Not to lecture, but there are cures. For one thing, the AP poll could reduce its bank of 62 voters to 10 or 15 knowledgeable writers and broadcasters who know the difference between Georgia and George Mason. Second (stop us if you've heard this one), a playoff system could be installed. You can keep the bowls. Have the winners of the four best bowl games (as selected by the AP) play on the two Saturdays following the bowls. It's not too painful. Promise. This season, for instance, we would have played it all off, picked a true national champion and gotten everybody back to school by Jan. 19.

Most important, Fred Fan should use his Saturdays to regrout the bathtub. Anything to stay away from the stadium. As long as he's willing to plunk down $14 to watch Arkansas turn Drillbit Tech into Cream of Wheat, Drillbit will keep getting scheduled and nothing will change.

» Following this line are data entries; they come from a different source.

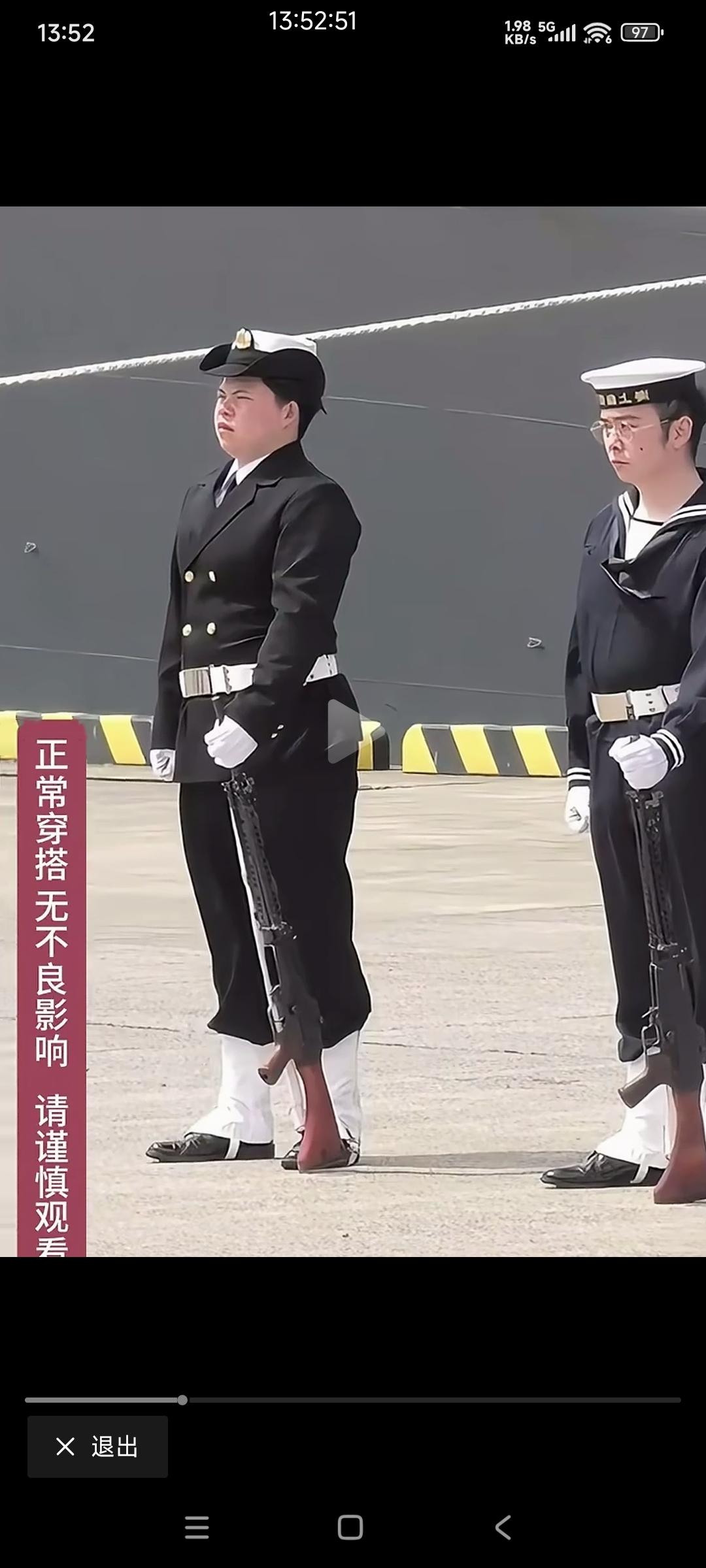 照片中是日本海上自卫队的一名女子卫队队员

她手里拿的是64式自动步枪～日本战后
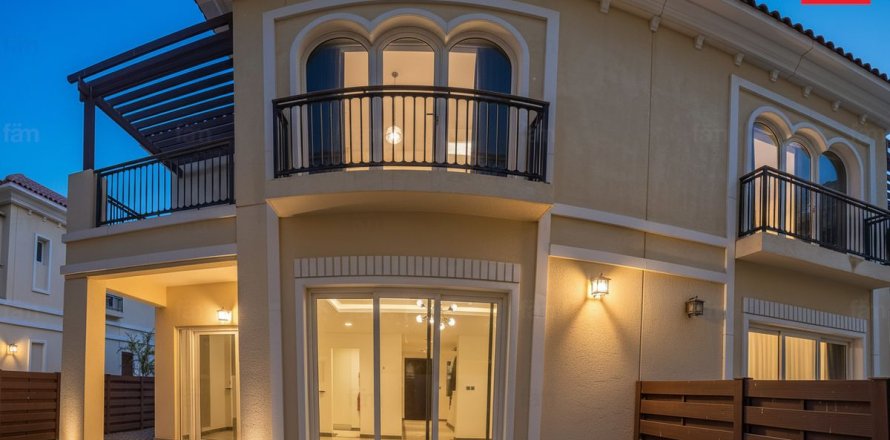 3 bedrooms Villa  No. 132029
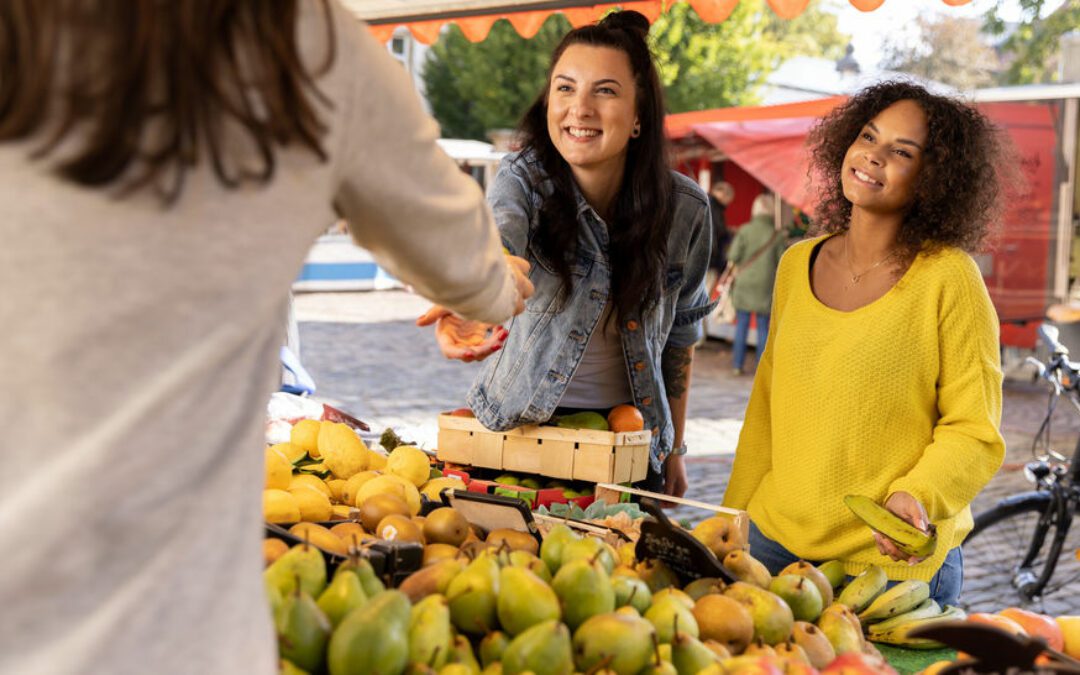 Sommer­liche Markt­at­mo­sphäre in Osnabrück: Abend­markt startet im Juni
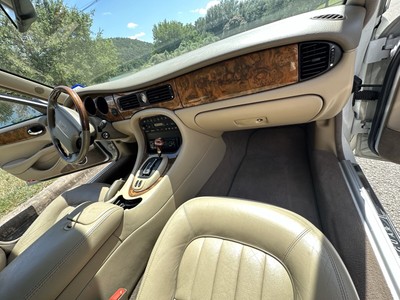 image 8 of interior
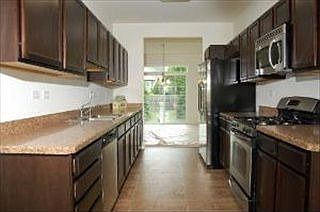5th image of 370 Hickory Ln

Changes need to be made for the game's sake. And if not for the game's sake, at least for East Carolina's.



East Carolina was thrown, consecutively, to Nittany Lions (above) and Auburn Tigers.



Florida may have become weary of battling the Hurricanes (in white) every year, but...the Gators seem to have a big appetite for patsies like Kent State (above), which fell 52-9. In '87 they take on Tulsa and Wichita State.



[See caption above.]


The art of scheduling entails not only whom you play, but also when you play 'em. The harder the opponent, the softer the marshmallow you want the preceding week. For instance, by season's end:

Auburn will have played East Carolina before Tennessee, Cincinnati before Georgia and nobody before Alabama.

Alabama will have played Memphis State before Tennessee and nobody before Auburn.

Oklahoma will have played Kansas State before Texas.

Texas will have played Rice before Oklahoma.

Miami will have played nobody before Oklahoma and nobody before Florida State.

Florida State will have played Toledo before Nebraska, Louisville before Miami and nobody before Florida.

Arizona State will have played Wichita State before Arizona.

Of course, this setup stuff works both ways. The week before playing Miami, the Hurricanes' opponents will have played Georgia Southern. Kansas State, Minnesota, Western Illinois, Virginia Tech, Penn State, Louisville, Syracuse, New Mexico and nobody.